IGT: Welcome to the club and this is coming from a feller who has had significant success in keeping Oto's.

I believed that I had my Neon Tetra's "staying alive problem" under control when I acclimatized 13 young juvies in a 5G tank before placing them in my main tank.

All grew to full adult size but then began dying for some inexplicable reason(s) and I am now down to two also.

I do not intend to repopulate my main tank with Neon's again as this was not "my first rodeo" with them.

I do intend to populate my main tank with Cardinal Tetra's when I find some locally at a reasonable price.

BTW: 
*Glow Light Tetras* are only slightly hardier than are Neon Tetra's, but *Red Phantom Tetra's* are very hardy fish and add "a bunch of color" at mid-depth to my main tank.

How is your resumed endeavor into a planted tank going?

TR


----------



## Ghost Knife (Mar 12, 2008)

jones57742 said:


> IGT: Welcome to the club and this is coming from a feller who has had significant success in keeping Oto's.
> 
> I believed that I had my Neon Tetra's "staying alive problem" under control when I acclimatized 13 young juvies in a 5G tank before placing them in my main tank.
> 
> ...


I agree. I have had Glowlights and Cardinals in the past and both have done really well. I have had harder time with Neons.


----------



## InuGirlTeen (Oct 26, 2008)

Ghost Knife said:


> What are you feeding on a daily basis? Any type of fish will have swimming problems if you are feeding flakes and nothing else everyday.

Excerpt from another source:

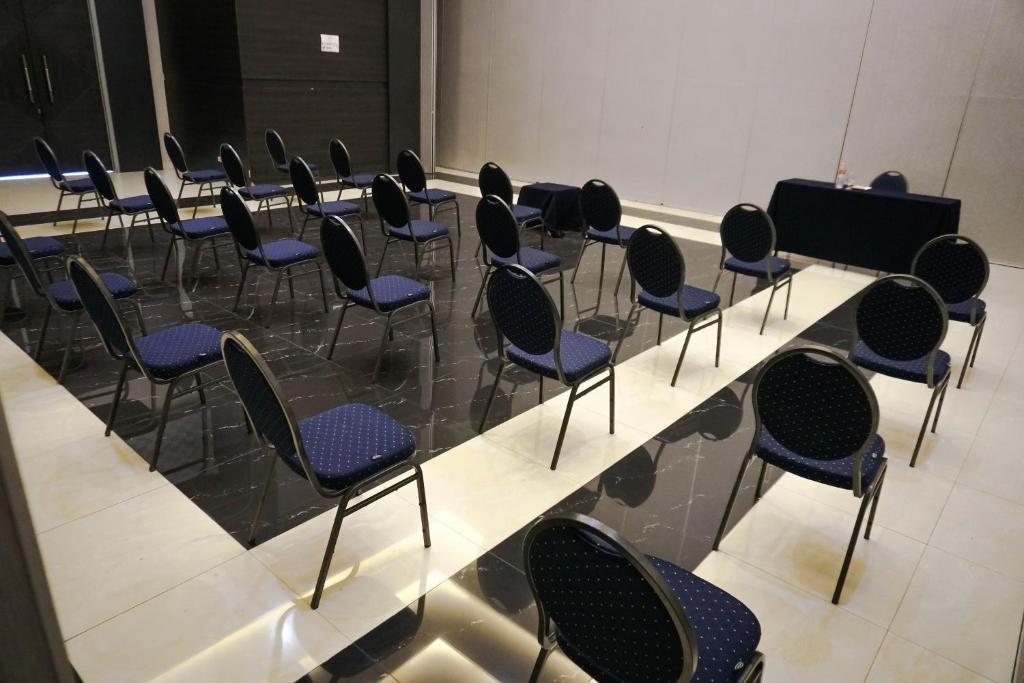 Konferenční prostory v ubytování Harmoni Hotel Garut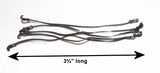 #T12a 1/64 Short Trailer Tarp Straps, 5 pc - AS IS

I feed them flakes, shrimp pellets, vegetable wafers, & bloodworms.


----------



## sonnyrg (May 9, 2009)

if they eat to much they tend to do that i have tetras and they do that when they had to much too eat it takes a day to get back to swimming right cut down on there food intake for two days you should be good if its stills happening then put some gvh in there food o i just saw your video there fat lol cut there food down for a day


----------



## Guest (May 22, 2009)

Inu am with GK and Jones on this one. neons are just way to delicate. the last time i had them i lost 12 of them in 4 days. absolutly no signs of them. someone suggested that it might have been an ammonia spike from one dead fish that knocked the rest out.


----------